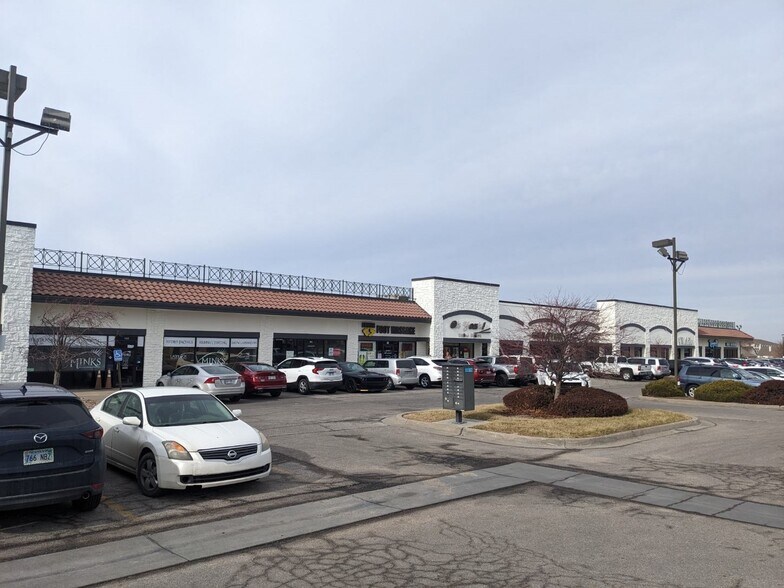 More Photos Of 3101 N Rock Rd, Wichita Unknown For Lease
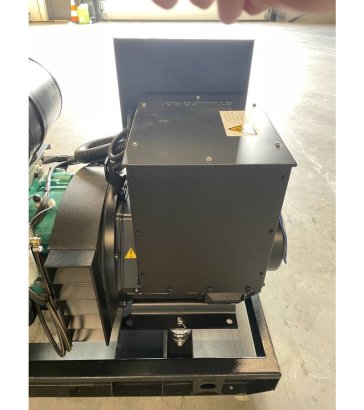 Cummins 6BT5.9-GM83 - 100 kVA Marine Generator - DPX-19751 6BT5.9-GM83 - 100 kVA Marine Generator - DPX-19751 2026 1 Gener...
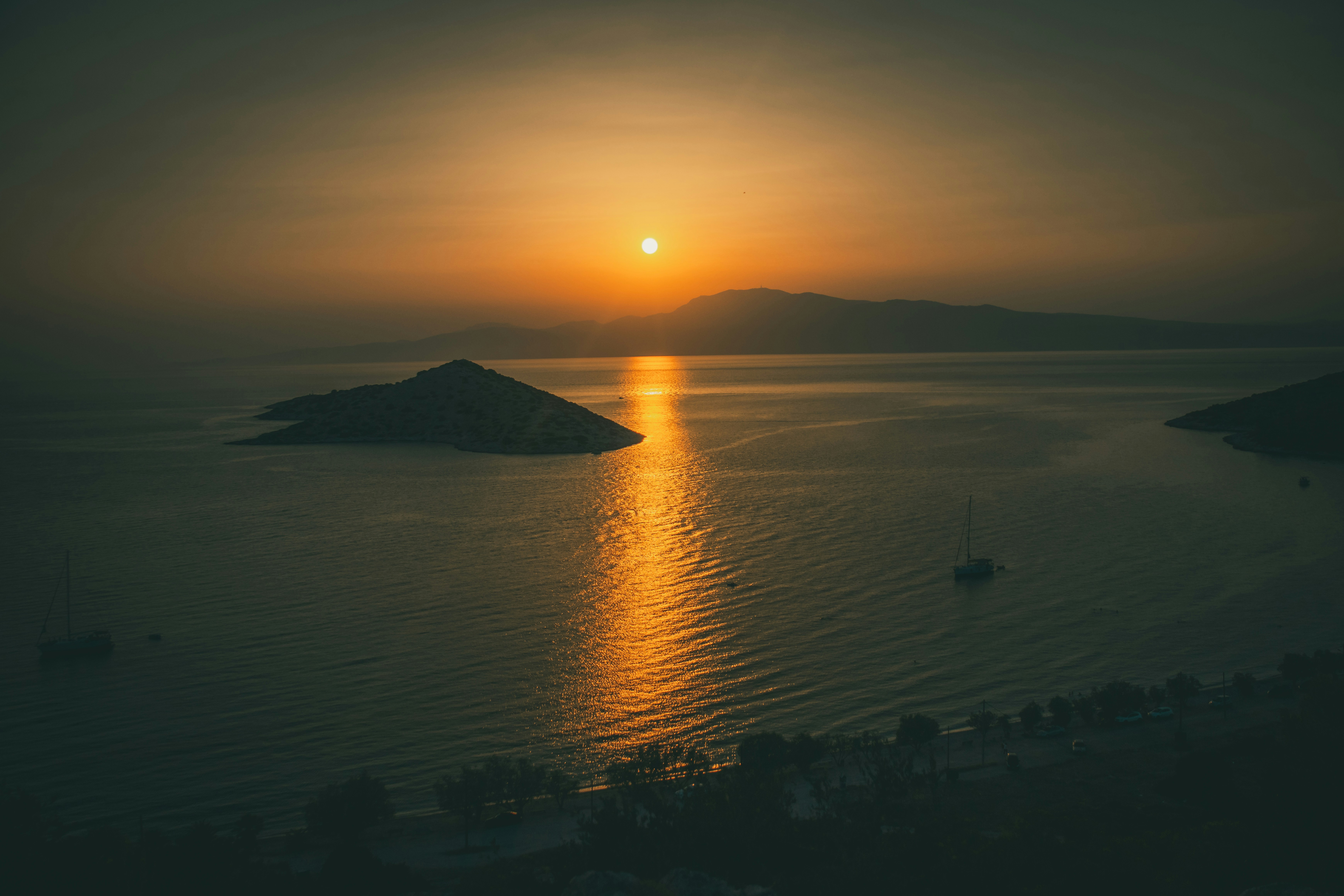 Photo by raimondklavins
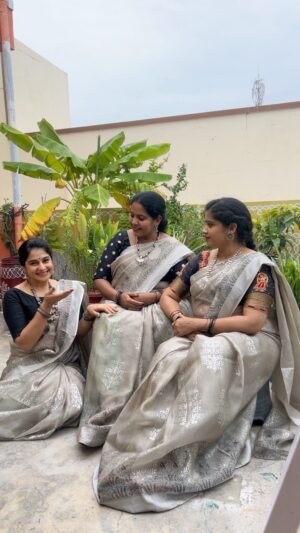 Sudeepa Pinky Instagram - ✨ Last one to do this trend but couldn’t stop posting these cute moments with Sisters .. @srilathacherkuri  @vanta_shala ✨
 
#pinky #tollywood  #sudeepa #bigbosstelugu #fun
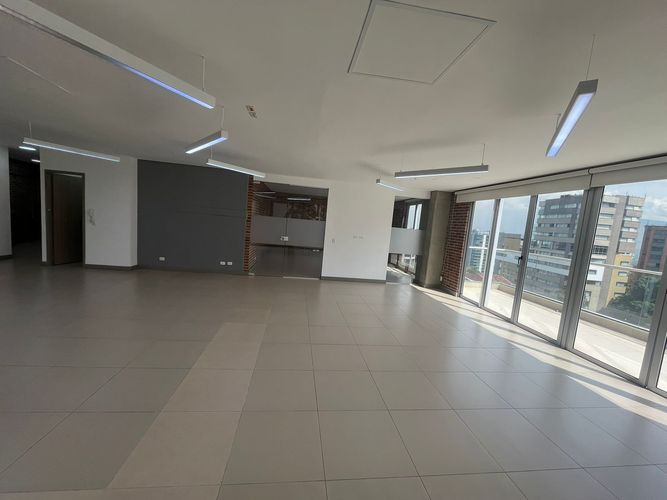 Oficina en arriendo en El Poblado, Medellín, 169 m² · foto 6 de 20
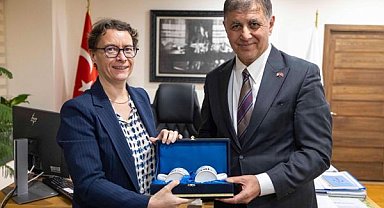 Tugay, Fransız heyeti ağırladı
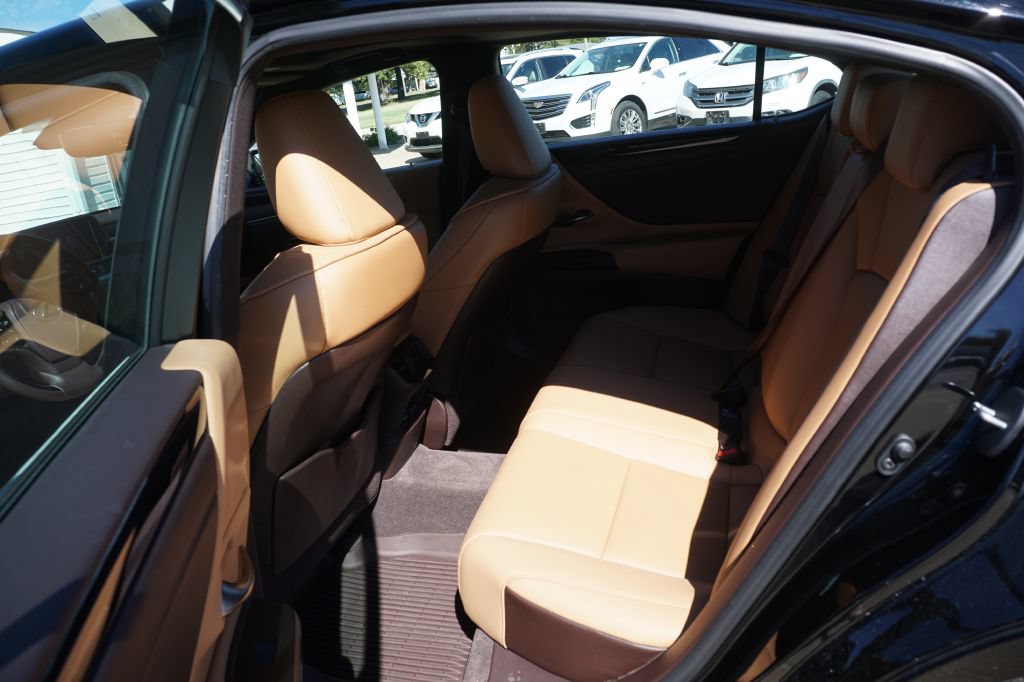 Used 2020 Lexus ES 350 w/ Premium Package FWD image 15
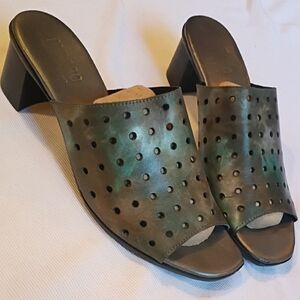Munro Black and Green Perforated Mules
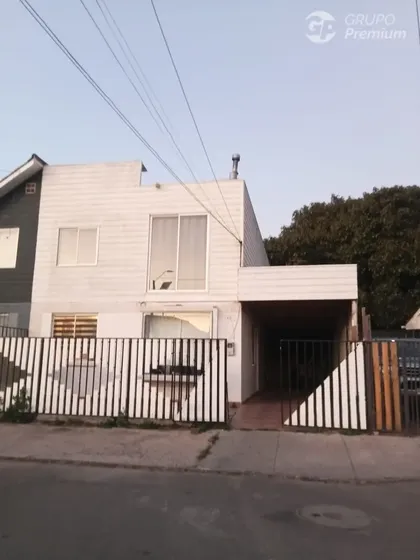 Excelente Casa En Venta De 3 Dorm. 2 Baños En La Cruz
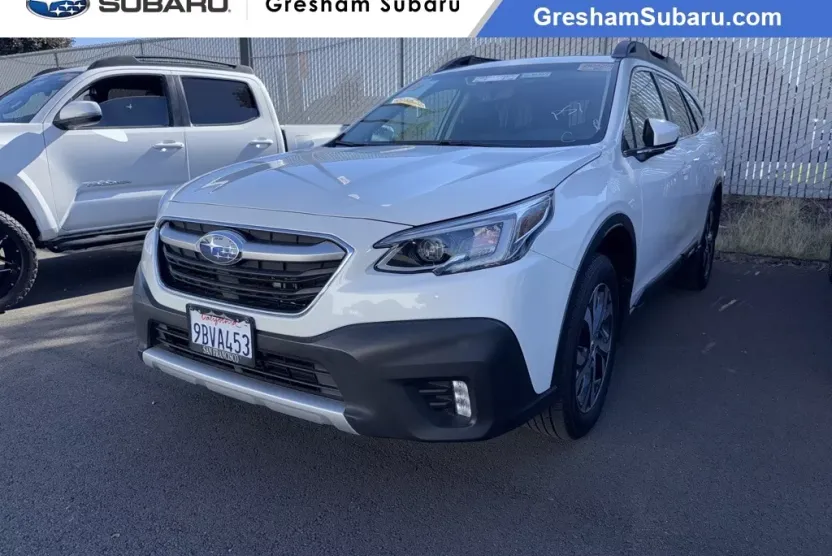 2022 Subaru Outback Limited photo 1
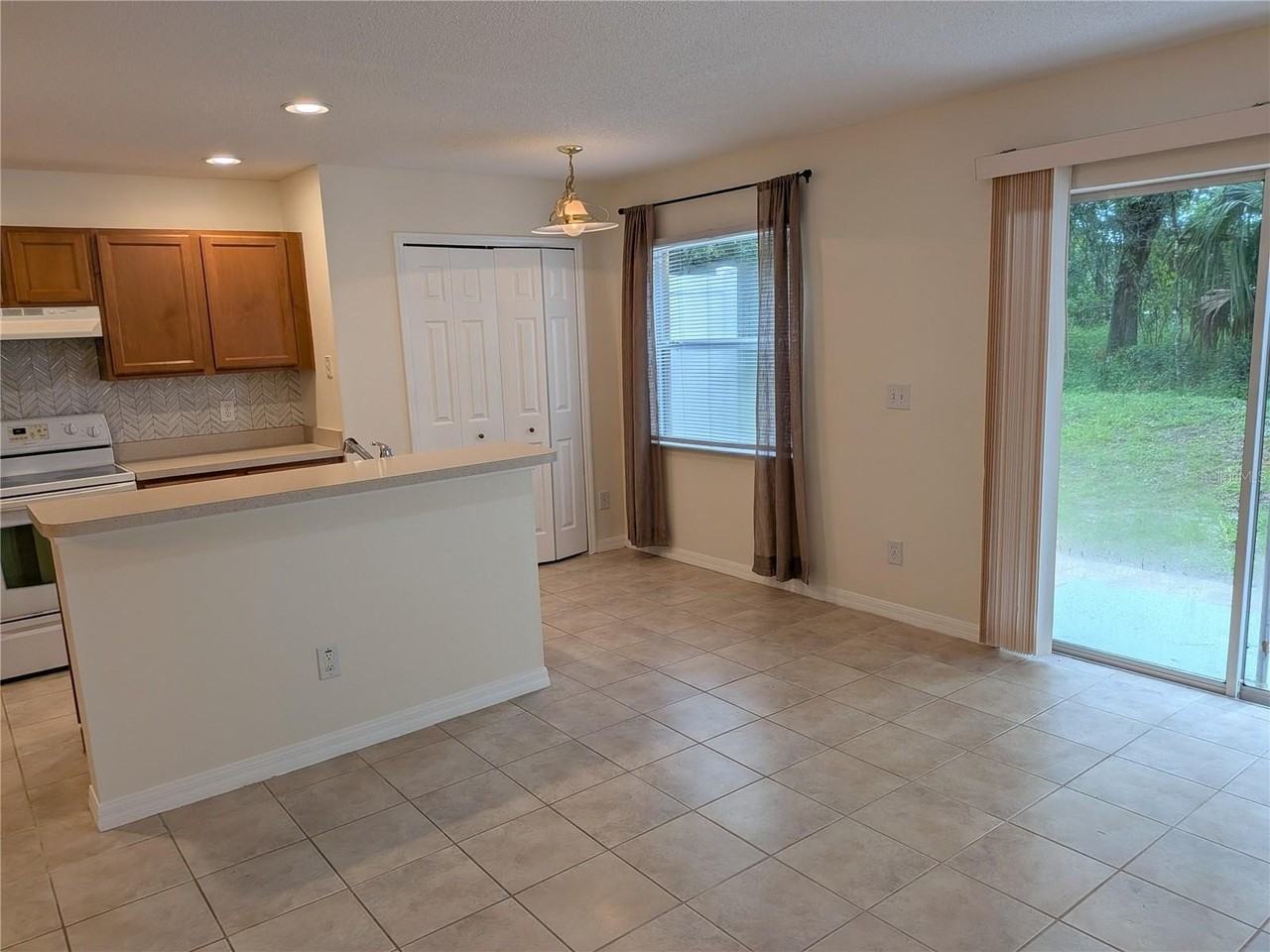 4522 Winding River Way - Photo 7 of 27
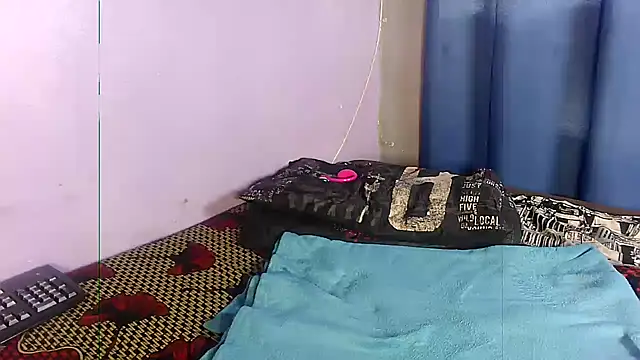 CurvyLara webcam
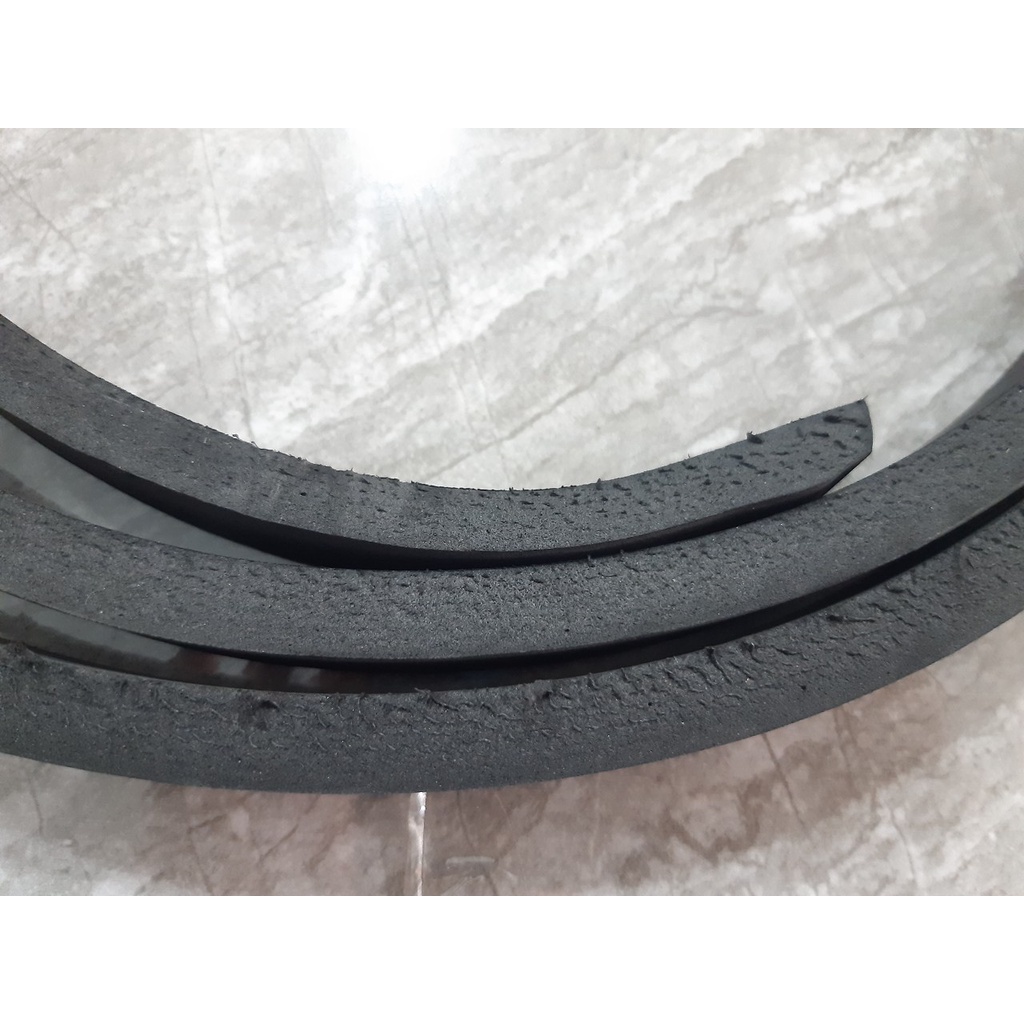 Dây Mút Đen Lót Đáy Hồ Cá Dài 150 cm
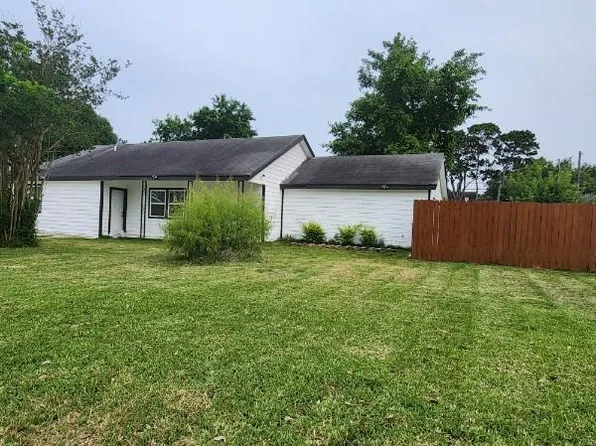 431 14th Ave N, Texas City, TX 77590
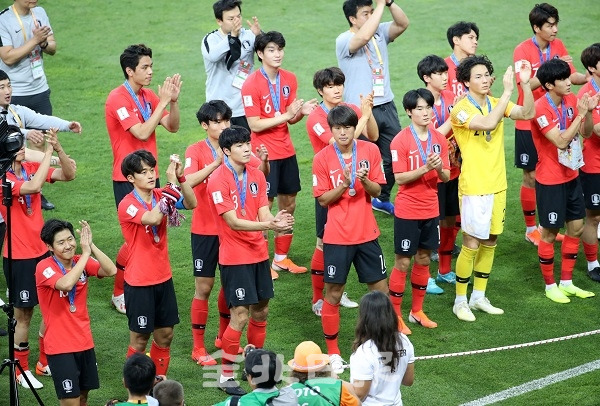 15일 오후(현지시간) 폴란드 우치 경기장에서 열린 2019 국제축구연맹(FIFA) 20세 이하(U-20) 월드컵 결승 한국과 우크라이나의 경기를 마치고 한국 선수들이 응원단을 향해 인사하고 있다. 연합뉴스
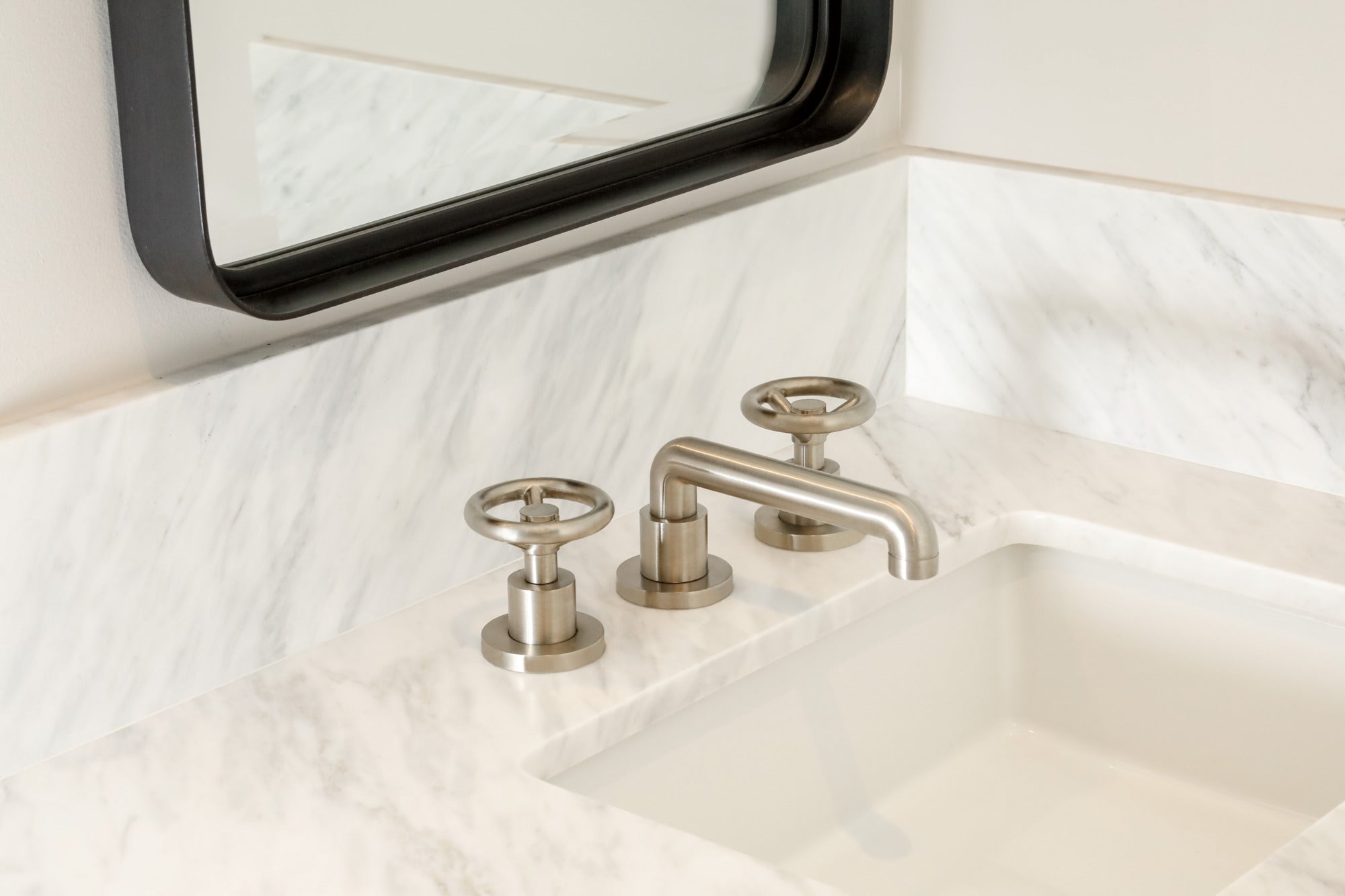 Newport Brass Slater® Widespread Lavatory Faucet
::::::
The final stretch of the data, from the line with "#sudeepa #bigbosstelugu #fun" through its last line, is to be retyped exactly; pictures are not part of the copy.

### Response to this task
#pinky #tollywood  #sudeepa #bigbosstelugu #fun
 Oficina en arriendo en El Poblado, Medellín, 169 m² · foto 6 de 20
 Tugay, Fransız heyeti ağırladı
 Used 2020 Lexus ES 350 w/ Premium Package FWD image 15
Munro Black and Green Perforated Mules
 Excelente Casa En Venta De 3 Dorm. 2 Baños En La Cruz
 2022 Subaru Outback Limited photo 1
 4522 Winding River Way - Photo 7 of 27
 CurvyLara webcam
 Dây Mút Đen Lót Đáy Hồ Cá Dài 150 cm
 431 14th Ave N, Texas City, TX 77590
 15일 오후(현지시간) 폴란드 우치 경기장에서 열린 2019 국제축구연맹(FIFA) 20세 이하(U-20) 월드컵 결승 한국과 우크라이나의 경기를 마치고 한국 선수들이 응원단을 향해 인사하고 있다. 연합뉴스
 Newport Brass Slater® Widespread Lavatory Faucet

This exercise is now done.